1] Yes you're right, I am looking for pointers to improve.
2] Good point, I will rename it.
3] Yes, that is where the Inspiration came, but that's where the Originality comes in, most of this is going to take place in one location and I have a whole back story in mind and a good story, Its just bringing it across in the Script. I may scrap this idea, but I may continue it for a while and see if it leads to something good.

Thanks for replying!


----------



## hawky94 (Aug 21, 2012)

I like this, the suspense is great... as mentioned, this is definitely like the opening scene of Scream.

As for your title questions, I would certainly change it to something with a little more... oomph... a little more... suspense - thus keeping with the rest of the story.

It kept me reading right towards the end, and I'd love to see more. Good job at keeping me interested and the suspense high.

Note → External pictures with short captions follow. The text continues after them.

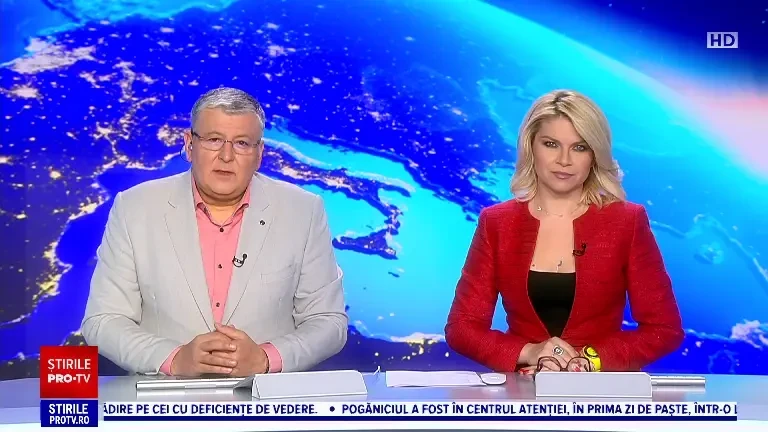 Momentul în care patru căței blocați într-o scurgere pluvială sunt salvați de pompieri | VIDEO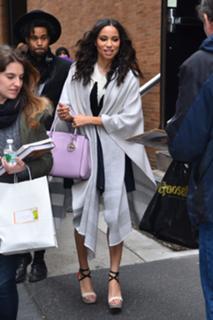 Jurnee Smollett feet photo thumbnail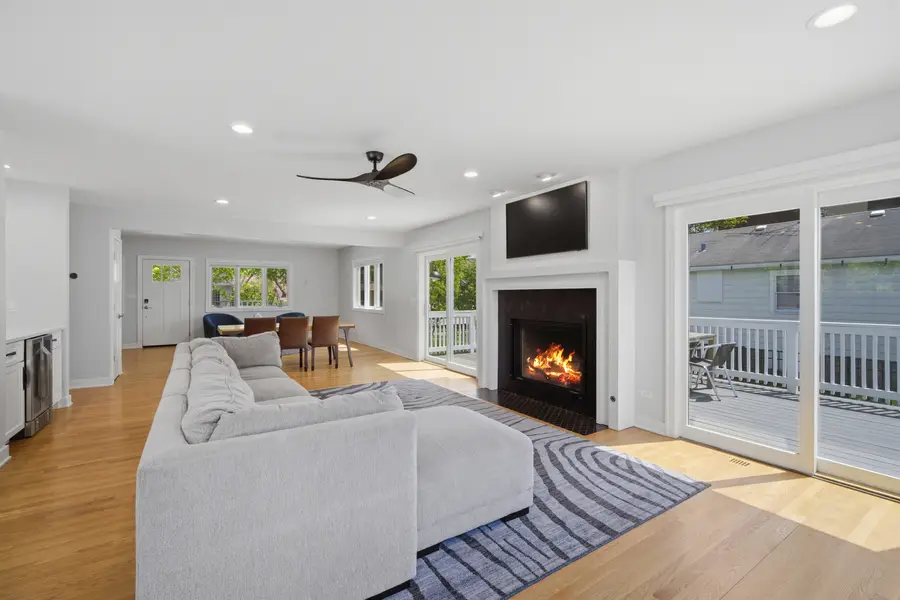 116 N Pine Avenue, Arlington Heights, IL 60004 - #3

PS: There are a few errors with commas and such, but other than that, nothing grammatical.


----------



## BrandonTheWriter (Aug 24, 2012)

hawky94 said:


> I like this, the suspense is great... as mentioned, this is definitely like the opening scene of Scream.
> 
> As for your title questions, I would certainly change it to something with a little more... oomph... a little more... suspense - thus keeping with the rest of the story.
> 
> ...



Thankyou for the kind words, I will certainly correct the errors you mentioned! I'm still thinking of more of a title, I'm going to continue with it and see where it leads, I'll post more as I get it done!


----------



## alister (Sep 10, 2012)

This dialogue is too wordy.  The feeling is lost with too many words.  Less is more.  Be essenstial and things will seem more intuitive.  Break things into beats.  Each beat should be and action and reaction pair. Each beat should gradually lead us to the turning point of the scene.  Don't let any one beat steal the highest beat when the scene turns (or let it raise the emotions or situation close to that point.)

The second element with the guy calling in on the phone acting if he has been stalking him threw me off, because I thought it was the guy who was returning the camera.  If this is not the same guy, I would take out the first guy returning the camera.  You would be wasting time moving to the real story.  If it is the guy, I would add some subtext to the return process to foreshadow who he is and what he is doing, dialogue mannerisms, etc.

If you are trying to set up the the clerk to be frustrated emotionally and the return guy is just a bit part, I would not do it that way.  It elevates the emotions in the scene too much dampening the real stuff that is to follow.  Instead, I would show him frustrated with the closing the store.  Perhaps the till is off by a 100 dollars or he knocks over some stock that he has to clean up, breaks something, etc.  That way when the phone rings it the first contact with the enemy.  Again, this will only work if the guy returning the camera is only a bit part.


----------



## Writer-1 (Jul 19, 2018)

I agree with alister. Too wordy for the dialogue. You may wanna tighten the screws on that before sending it off to be read. Also, I think the note at the end should be a little different. You could do it so that he takes the note off the brick and sees a picture of his wife and kids tied up and gagged and have the note read "Answer the phone or seal their fate". Something like that. Anyway, I'm really excited to see where this is going.


----------



## KenTR (Aug 27, 2019)

An unsettling premise, but I think you jumped into the conflict too quickly. Unless this is a short film, it might be nice to spend at least a few minutes with Matt before he is confronted with menace. The customer complaining about the camera is too much in line with the mysterious caller. Perhaps have Matt annoyed by an inept delivery man, something to show the audience a degree of normalcy before things go wrong. Maybe open with a snippet of unexplained backstory. I understand that you want to get right into things, but beginning with menace in a straightforward narrative like this doesn't give readers a frame of reference for why they should feel uneasy.

Try reading your dialogue aloud. It sounds a bit wooden: you should use some more contractions. Otherwise, you have a lot of possibility here. Keep going!


----------



## Ralph Rotten (Aug 27, 2019)

Meh.


----------



## Darren White (Aug 27, 2019)

You do realise that thread is 7 years old?


----------



## KenTR (Aug 27, 2019)

I guess it's safe to assume that Matt has been murdered, then.


----------



## 50shadesofdoubt (Aug 27, 2019)

Unless in a recollected state, I'd put this down in a heartbeat... All the 'insert character' : Drives me nuts. Why is this necessary? Totally makes for serious distance for me, like yanks me out out of the story with every :. Am i missing something?


----------



## 50shadesofdoubt (Aug 27, 2019)

Doesn't matter if one felt the need to reply, I guess.


----------